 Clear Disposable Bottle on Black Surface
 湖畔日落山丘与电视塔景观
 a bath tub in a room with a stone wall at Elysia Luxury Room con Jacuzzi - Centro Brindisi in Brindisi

----------------

__Instructions for the task__. Exactly the lines from the one containing "湖畔日落山丘与电视塔景观" through the final line above, and only those, should be given again.

__Response area__.
 湖畔日落山丘与电视塔景观
 a bath tub in a room with a stone wall at Elysia Luxury Room con Jacuzzi - Centro Brindisi in Brindisi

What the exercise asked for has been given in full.